> **EXERCISE DATA**
####################
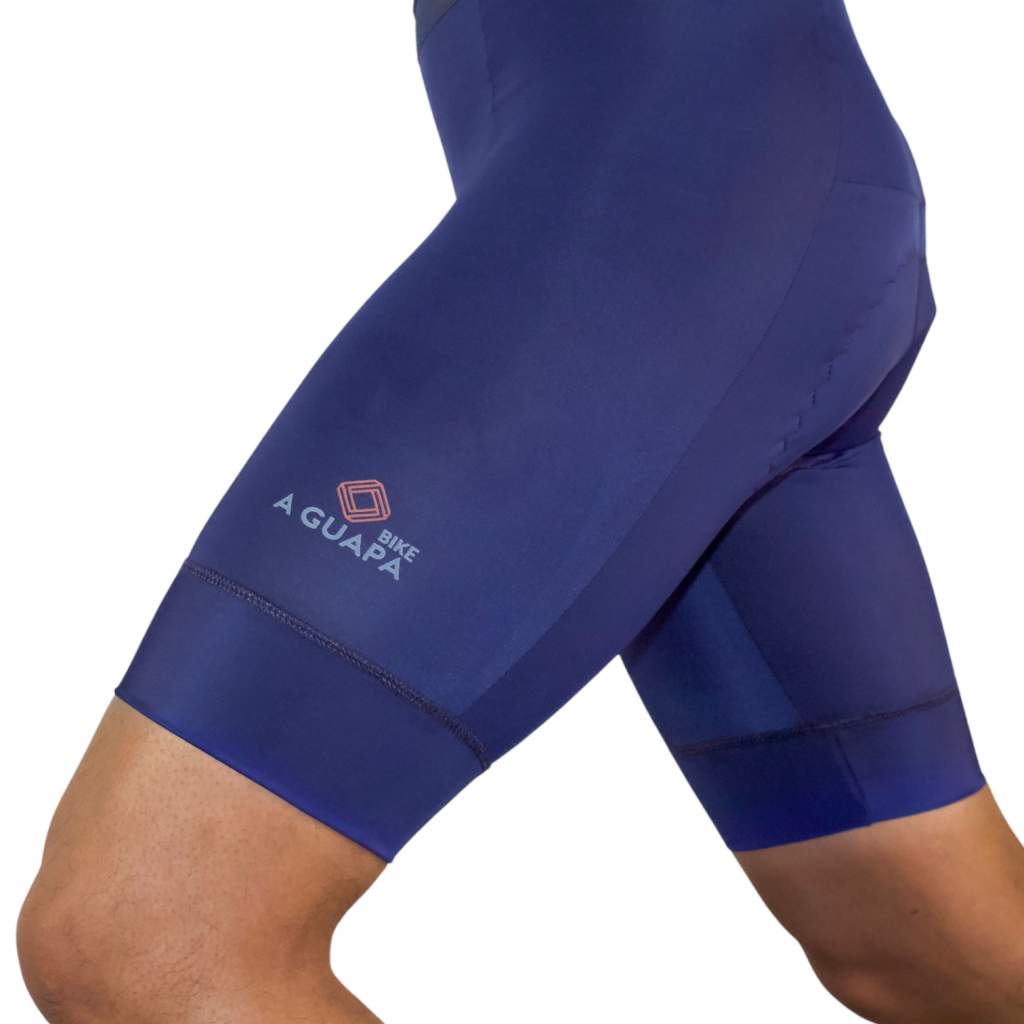 Vista lateral izquierda de la licra de ciclismo azul oscuro para hombre.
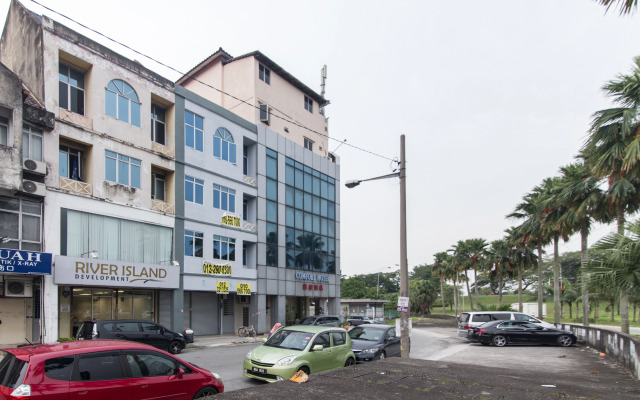 Super OYO 447 Comfort Hotel Meru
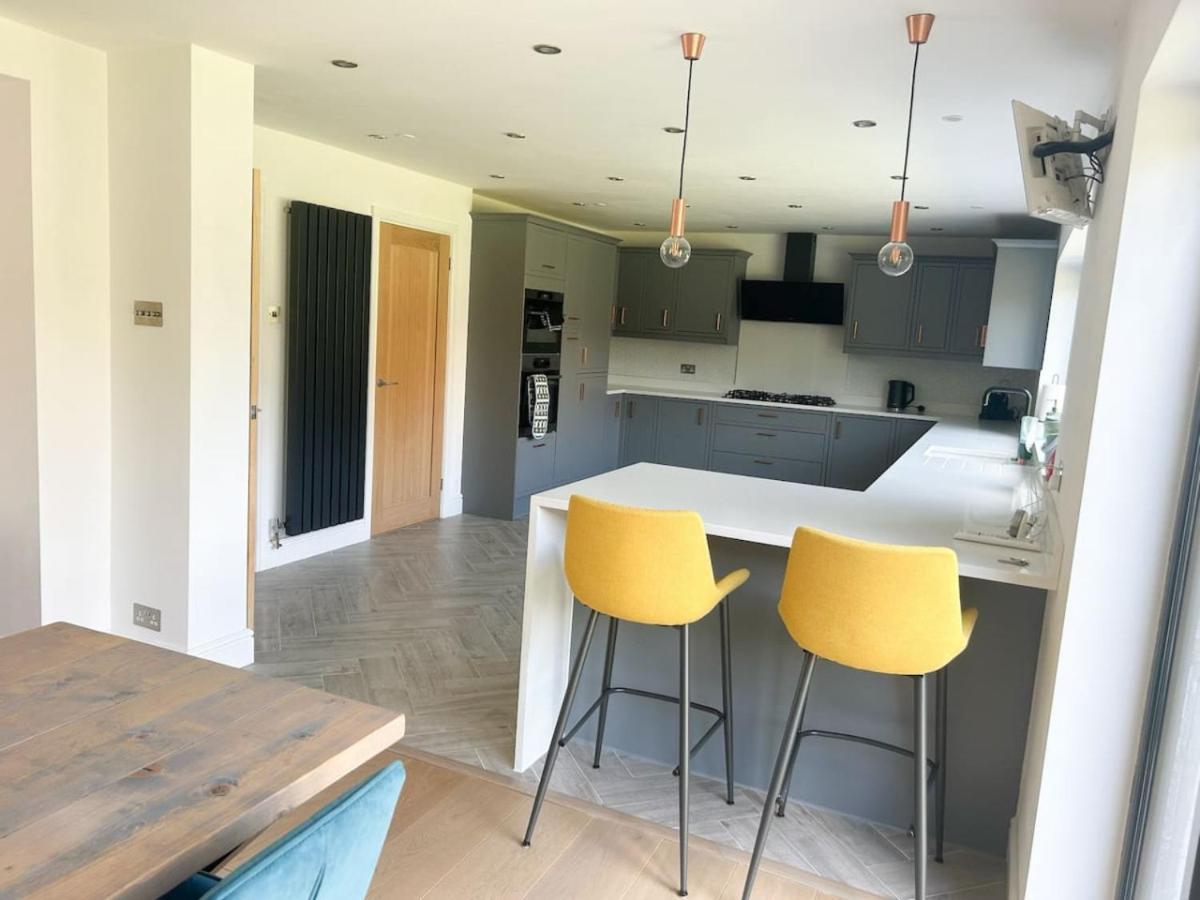 Villa Luxe 5 Bed House In Guildford. Morden Amenities Normandy Exterior foto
####################
> **REQUIRED WORK**
Restate every line above exactly, omitting images.

> **SOLUTION FOR THIS TASK**
 Vista lateral izquierda de la licra de ciclismo azul oscuro para hombre.
 Super OYO 447 Comfort Hotel Meru
 Villa Luxe 5 Bed House In Guildford. Morden Amenities Normandy Exterior foto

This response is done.